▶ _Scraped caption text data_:

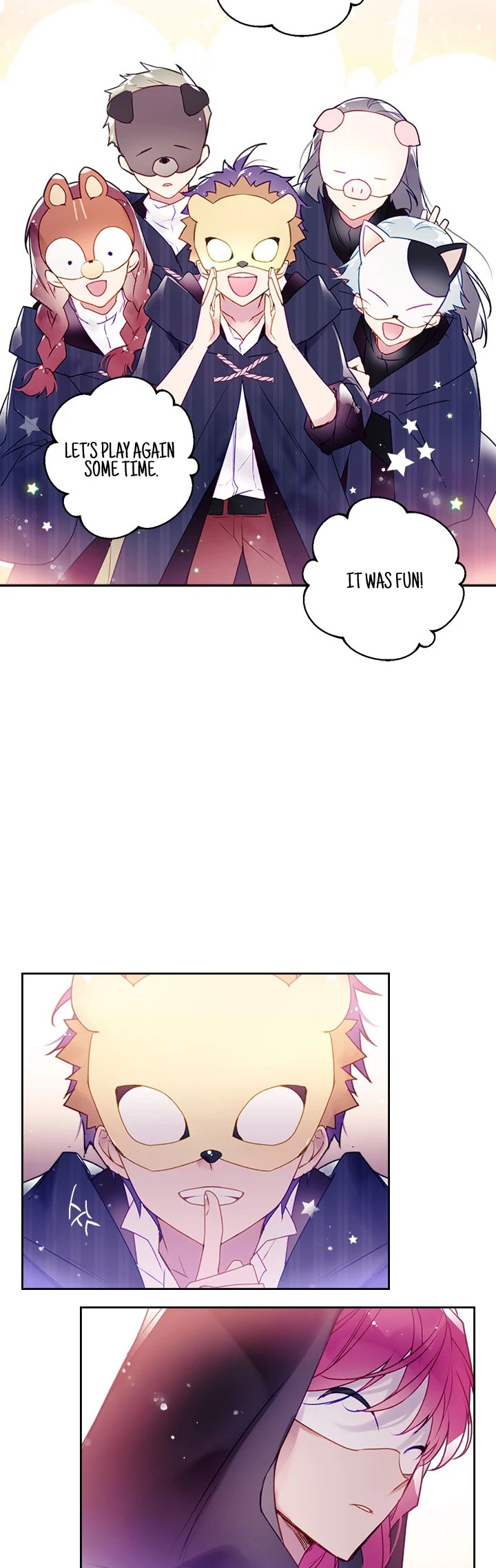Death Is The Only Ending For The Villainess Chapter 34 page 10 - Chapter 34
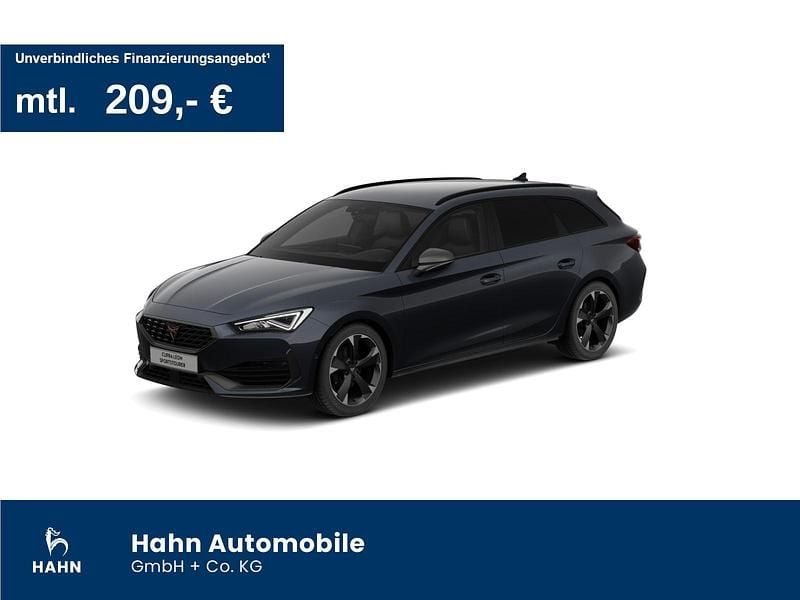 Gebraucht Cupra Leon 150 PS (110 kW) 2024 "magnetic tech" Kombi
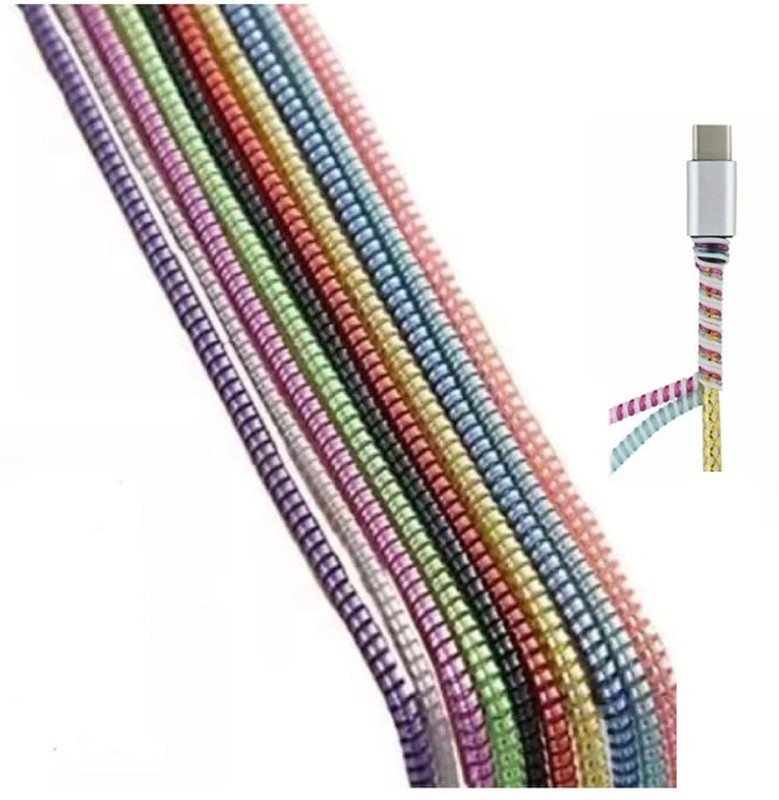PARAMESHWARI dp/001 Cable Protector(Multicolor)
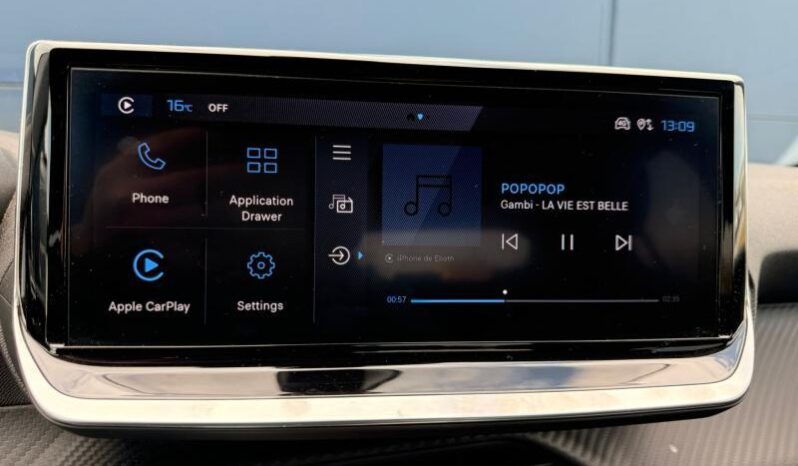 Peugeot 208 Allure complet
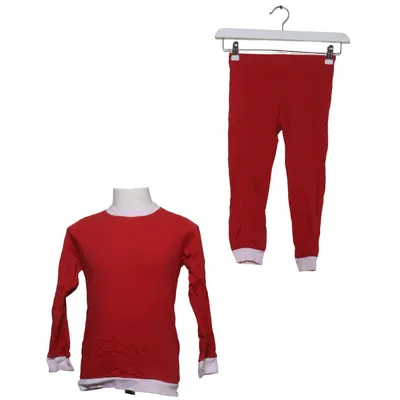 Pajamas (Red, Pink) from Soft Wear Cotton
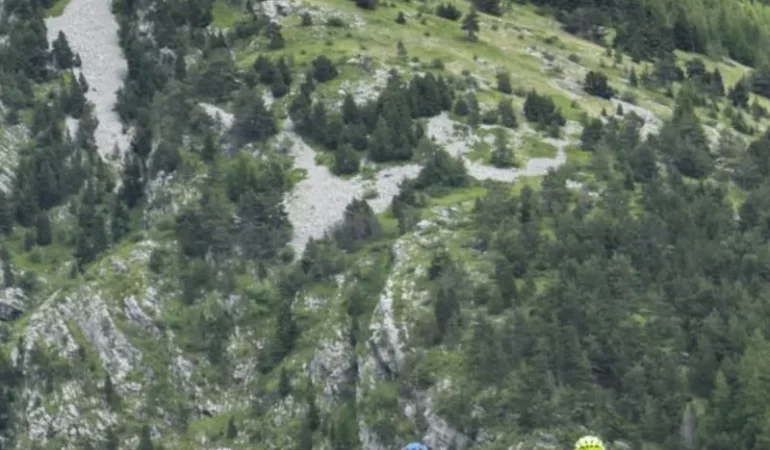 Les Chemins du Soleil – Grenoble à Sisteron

▶ _How to complete this task_:
In the records above, transcribe exactly the lines from the one containing "PARAMESHWARI dp/001 Cable" through the last line, both included, and skip the pictures.

▶ _Answer_:
PARAMESHWARI dp/001 Cable Protector(Multicolor)
 Peugeot 208 Allure complet
 Pajamas (Red, Pink) from Soft Wear Cotton
 Les Chemins du Soleil – Grenoble à Sisteron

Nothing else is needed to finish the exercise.